Q: Where were you born?

MM: Sydney.

Q: What made you want to get into science?

MM:  I don’t know what you mean.  Science is everything.  How can one get into it when one is never out of it?  

Q:  What first prompted you to try to invent a teleporter?

MM: You know about that?  No one is supposed to know about that yet.  It’s not ready for other people to know about it.  Have you told “Physics Today?”  I beg of y0u, don’t breathe a word to the toadies at that magazine.  Not yet.  They wouldn’t know true science if it poked them in the eye.

Q: How will your teleporter work, once it is ready?

MM: I can’t say.  There’s a combination of expectation energy…but no, I can’t say.  Not before it’s ready.  They’ll just think I am mad again.  This will show them, my theories are not mad at all!

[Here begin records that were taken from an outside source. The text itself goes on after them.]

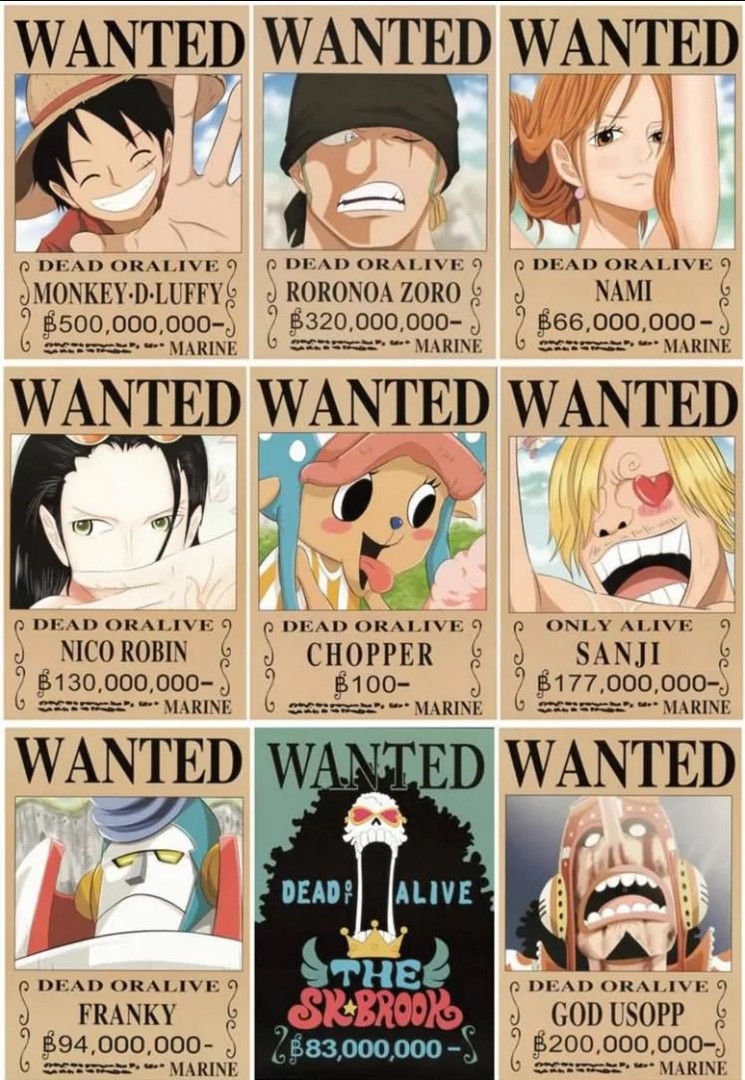 One Piece Dragon Bounty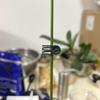 Orchideen Stielklemme Pflanzenstütze Ranke Kunststoffklemmen Blumenzucht Astklemmen Gartenpflanzenstütze Befestigung Vorrichtung Halterung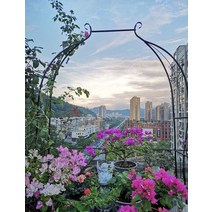 유럽식 철제 넝쿨식물 지지대 아치문 테라스꾸미기 장미 가든 정원, 블랙 폭 120cm개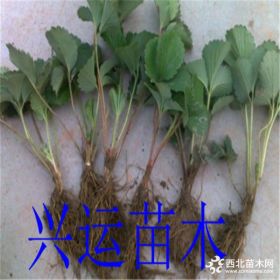 草莓苗栽培  草莓苗价价   那里有草莓苗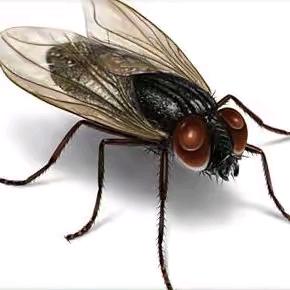 一半疯狂一半颠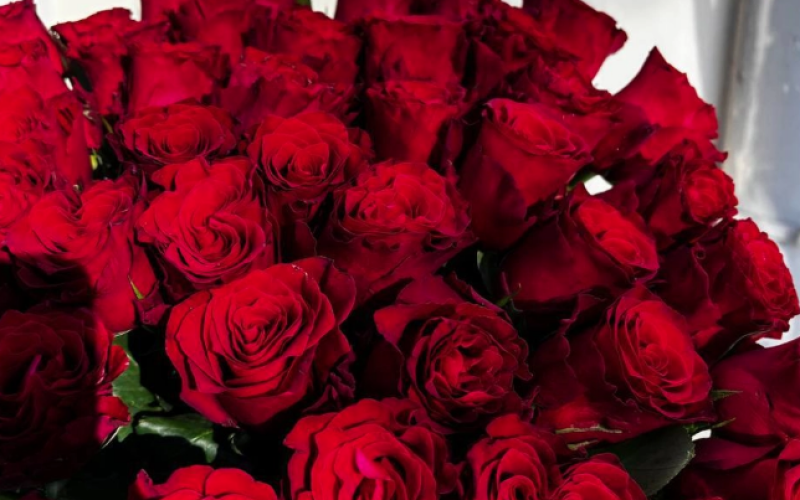 Розы «Кения»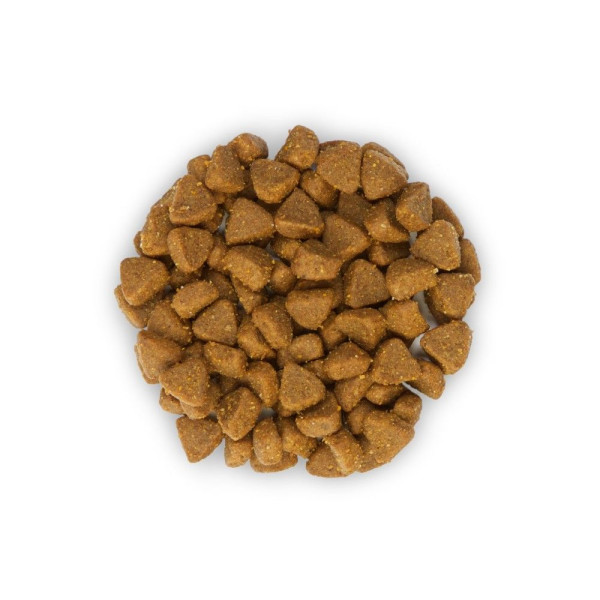 Сухий корм для кошенят Hill's Science Plan Kitten 1,5 кг - курка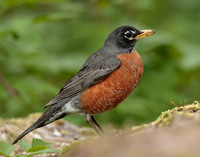 American Robin Turdus migratorius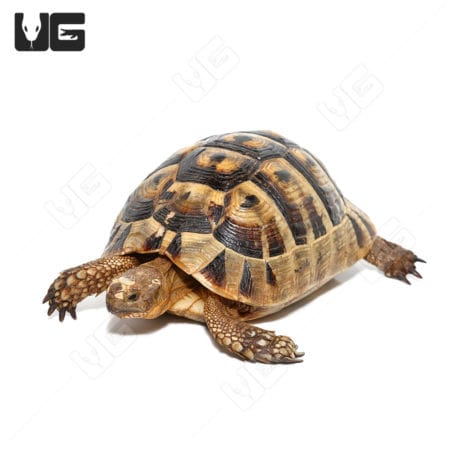 Greek Tortoises (Testudo graeca) For Sale - Underground Reptiles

Q: What do you do for a living?

MM:  I work at a television factory, doing quality control.  But my real work is in my laboratory.  No one has ever understood, but I’m sure, if I could only work out how matter can be transformed and reconfigured rather than transported…we could save so much time…there could be instantaneous travel.  But no, that’s enough.  What was I saying?  Nothing, nothing.  Very well.  Get on now.

Q: Do you have any family?

MM:  That’s enough.  I’m very busy.  Please don’t come back, as I won’t have time.  Good-bye.

I’m afraid that’s all Mr Middleton had time for.  He did not tell me when he expects the teleporter will be ready; in fact, he seemed to want to not speak of it.  He did not let me into his laboratory, but I am hopeful for next time.  I will definitely be back.  Mr Middleton, this funny little man, is on to something.  Mad man or genius; either way, good talent….

To be continued.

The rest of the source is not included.